The best and most idiot proof equipment in the world stands no chance of surviving if the operators think it will cost jobs, impact on their perks, or even if they just don't like the bloke from the office (aka the "suit" i.e. anyone in cleaner overalls than they) trying to tell them how they can do a better job with his new fangled kit.

It is surprising how many such innovations get suddenly flooded by the fire hoses, bursting steam lines, hit by fork lift trucks where no fork lift should be, suffer heavy weights falling on them etc. .

I went through an exercise on a lubes facility where the plant manager wanted to improve the de-asphalter control but every time he'd set up the control parameters the operators would come in and set them back to where they wanted them, where they were used to having them.



JMW
 
Sure, it was. Every generation has a discontuity with the previous one(s). The REAL difference is that in this particular point in time, there are a mulitude of contemporaneous generational gaps.

My grandfather was dirt farmer who never even heard of computers.
My father learned to program computers using patch cords.
Somewhere in between was punch cards
I learned simple programming tools like QBasic
My son is like, "What, you have to type in all those commands, where are the drag&drop icons?"

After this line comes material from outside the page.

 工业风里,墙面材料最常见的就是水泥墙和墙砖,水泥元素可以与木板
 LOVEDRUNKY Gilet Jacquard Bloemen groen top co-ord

Not much different than when the Jacquard loom automatically cranked out different weaves and patterns, while the older generation then lamented the loss of artistry and the human touch. The time scale difference is that it took almost 100 years for the next set of major advances to occur, while we're getting major advances in less than 20 years.

Anyone remember the RL02 removable disks? I used them in 1982. They were gigantic, about 16-in diameter, and held a piddly 5 MB. You can't even find a flash drive that holds less than 128 MB in the store now. You can easily buy a 500 GB HD for lower cost than the RL02 platters alone. Just this single change has completely revamped the notions of what to store and whether we care. We've got processors in coffee machines that are more powerful and come more storage than the navigation computer on Apollo 11. Contrast that with the time lapse between the Jacquard loom and the Hollerith punch card of nearly 100 yrs.

TTFN

FAQ731-376
 
Computer programs purchased from the work of computer nerds is not my idea of comprehensive structural analysis. Complacency can be bred into analysis by trusting that all the details have been addressed. Some modern day disasters have been the result of so-called computer routines that may have overlooked some finer details, like connections, wind/snow/rain effects, thermal effects, fatigue, material defects, etc.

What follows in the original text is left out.